What the task asks: Leave out every picture and set down, exactly, the lines below from the one holding "哪个期货软件好(哪种期货软件" up to and including the one holding "Plot of sumpt in 13000 GeV pp collisions".

Data provided:
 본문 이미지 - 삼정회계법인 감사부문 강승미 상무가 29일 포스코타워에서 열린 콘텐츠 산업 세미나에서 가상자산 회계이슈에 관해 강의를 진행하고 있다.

---

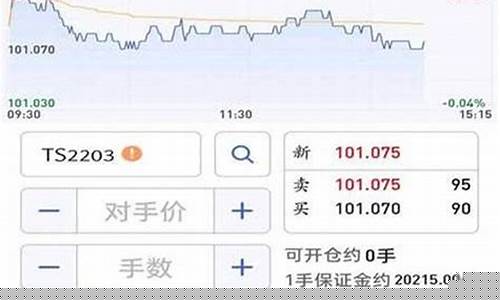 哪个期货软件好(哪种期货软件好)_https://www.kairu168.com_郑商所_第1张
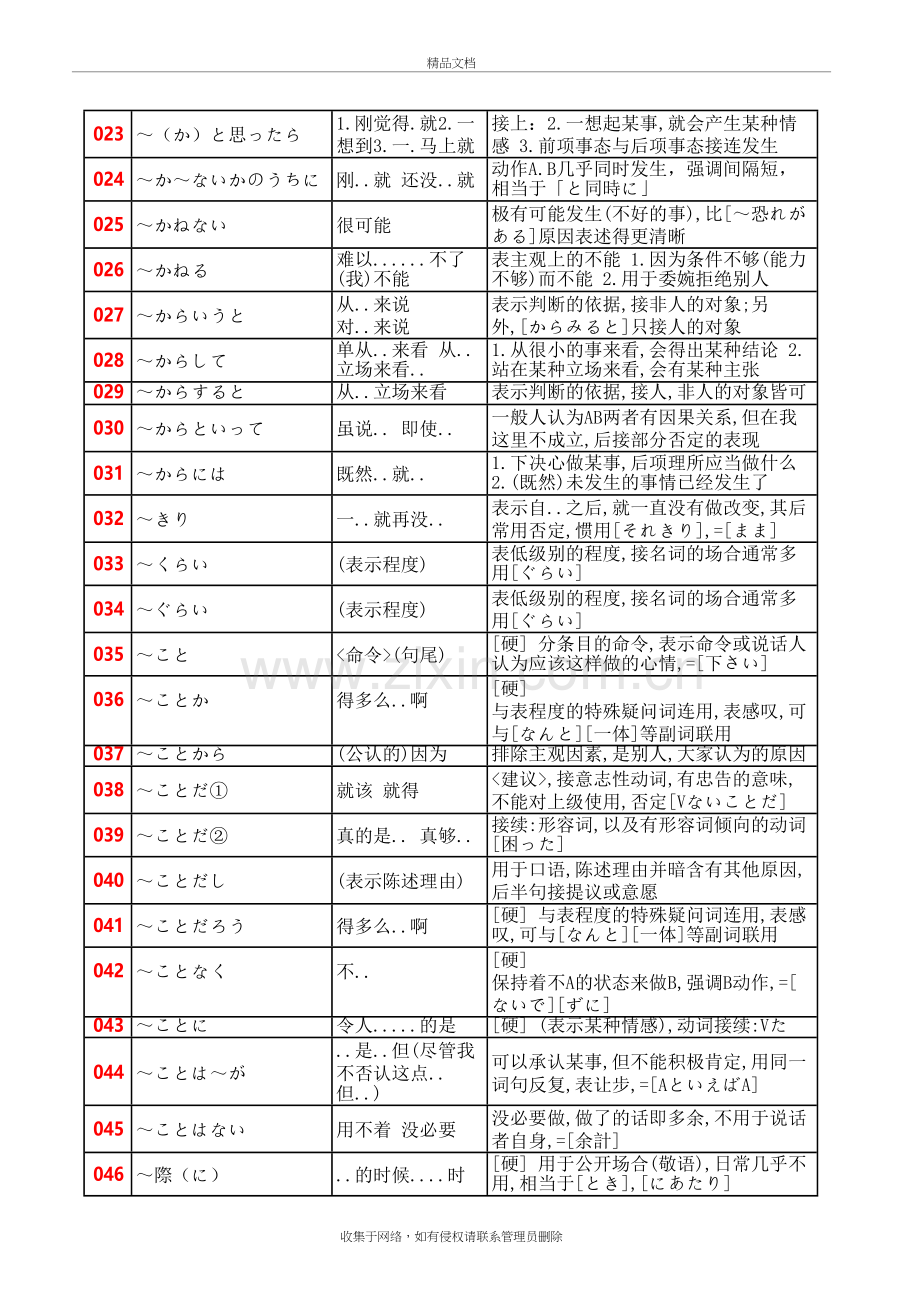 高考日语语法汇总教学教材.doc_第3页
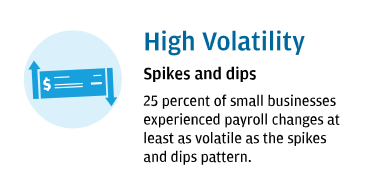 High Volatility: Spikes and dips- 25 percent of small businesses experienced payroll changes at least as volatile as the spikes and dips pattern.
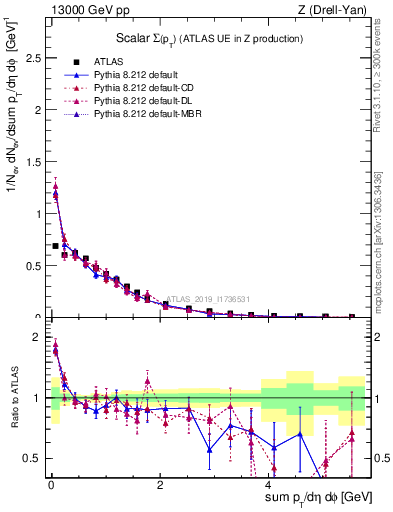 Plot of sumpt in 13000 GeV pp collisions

...

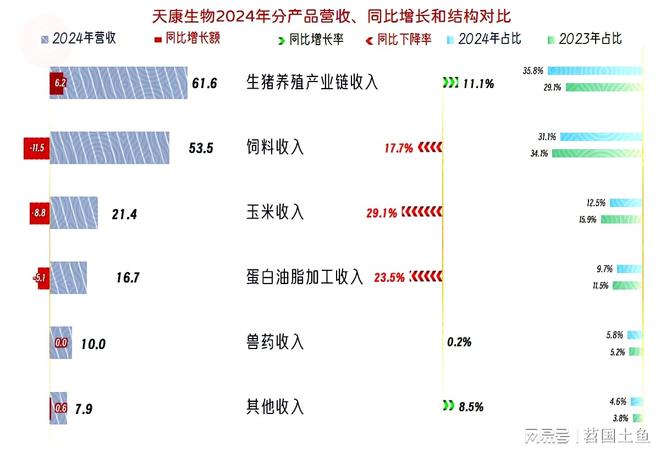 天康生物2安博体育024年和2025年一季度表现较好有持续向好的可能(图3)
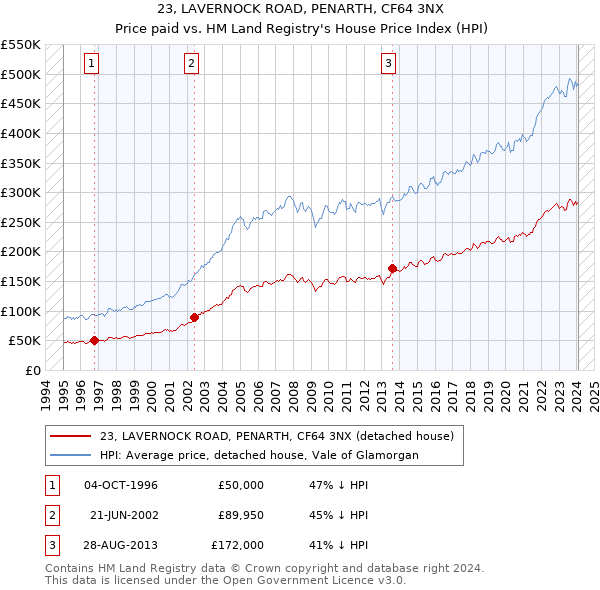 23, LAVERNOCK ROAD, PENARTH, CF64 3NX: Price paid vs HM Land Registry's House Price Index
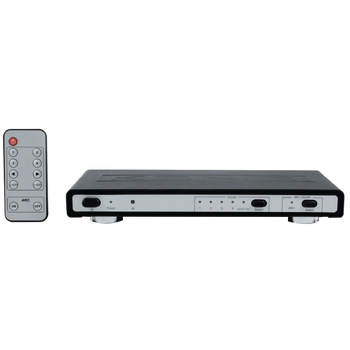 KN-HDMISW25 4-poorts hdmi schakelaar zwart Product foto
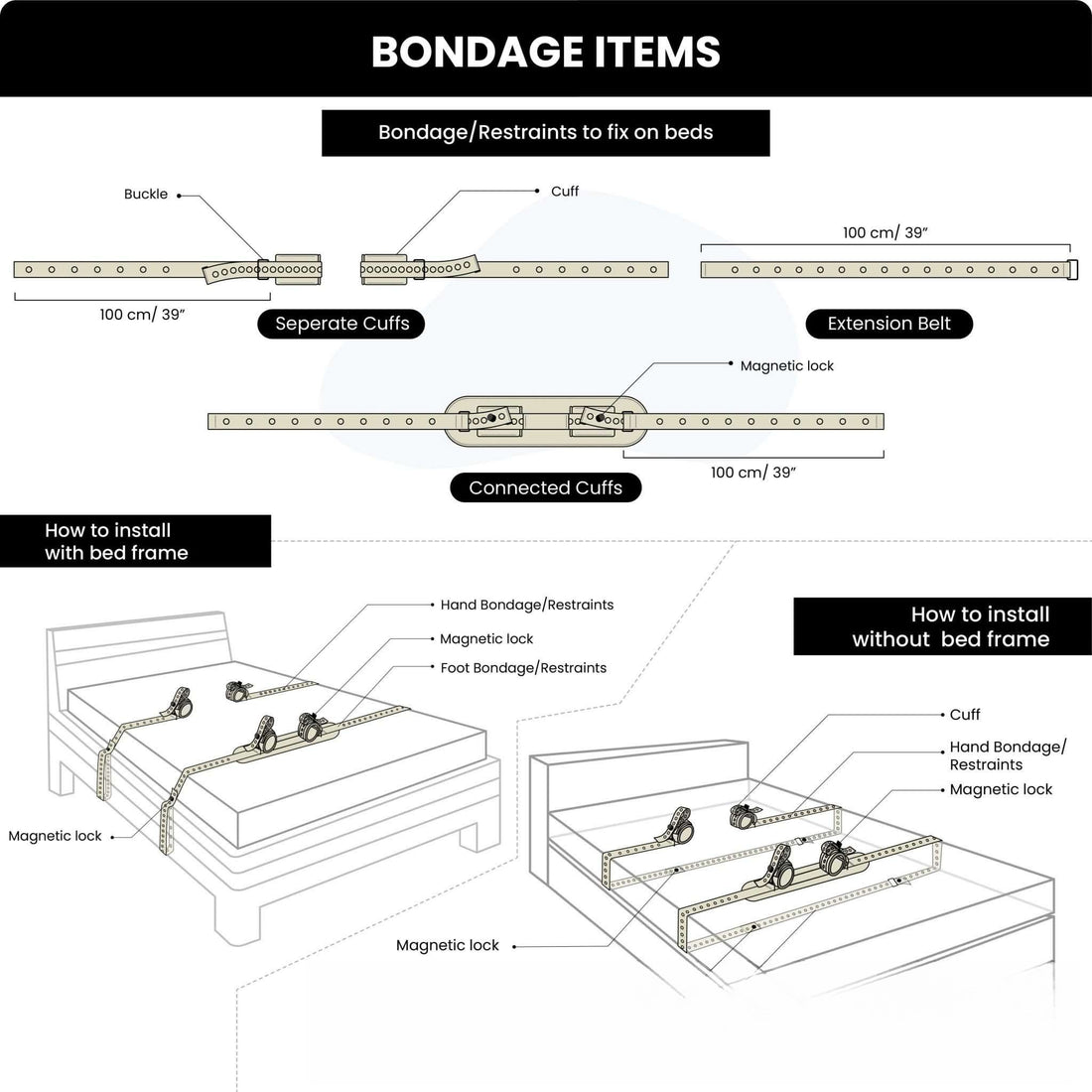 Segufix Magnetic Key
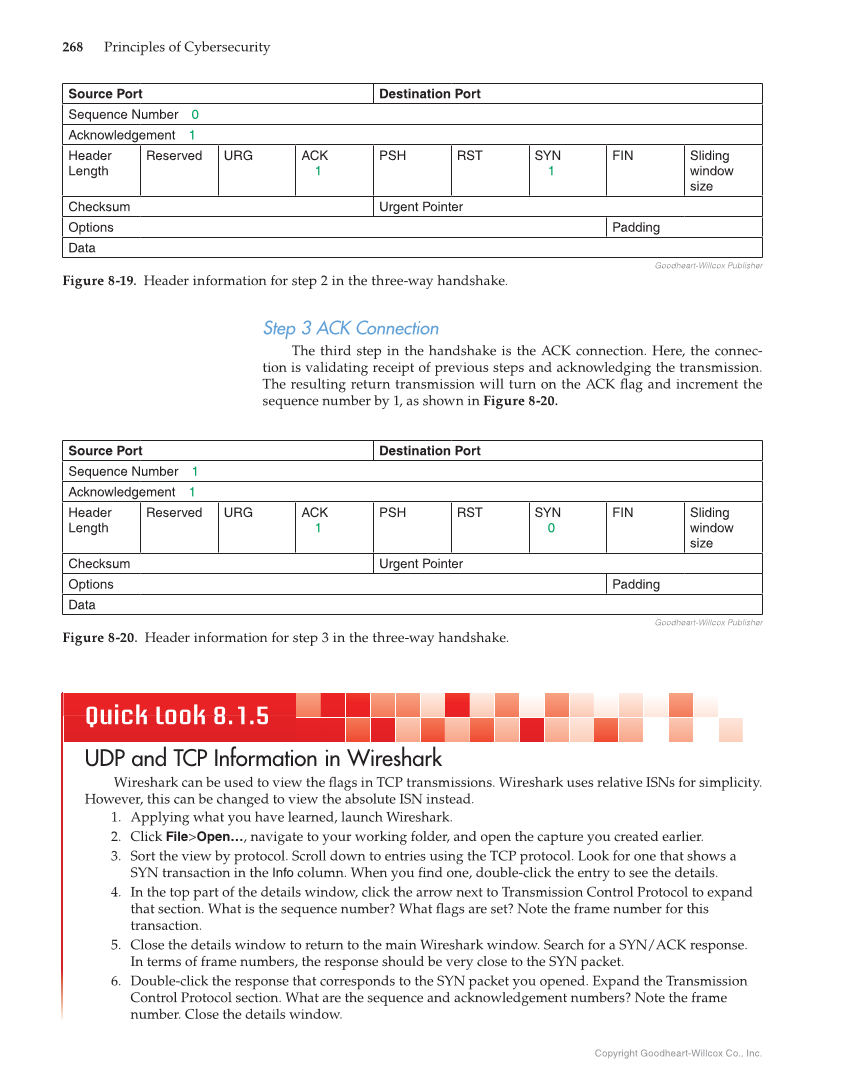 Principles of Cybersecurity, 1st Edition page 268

Written solution:
 哪个期货软件好(哪种期货软件好)_https://www.kairu168.com_郑商所_第1张
 高考日语语法汇总教学教材.doc_第3页
 High Volatility: Spikes and dips- 25 percent of small businesses experienced payroll changes at least as volatile as the spikes and dips pattern.
 Plot of sumpt in 13000 GeV pp collisions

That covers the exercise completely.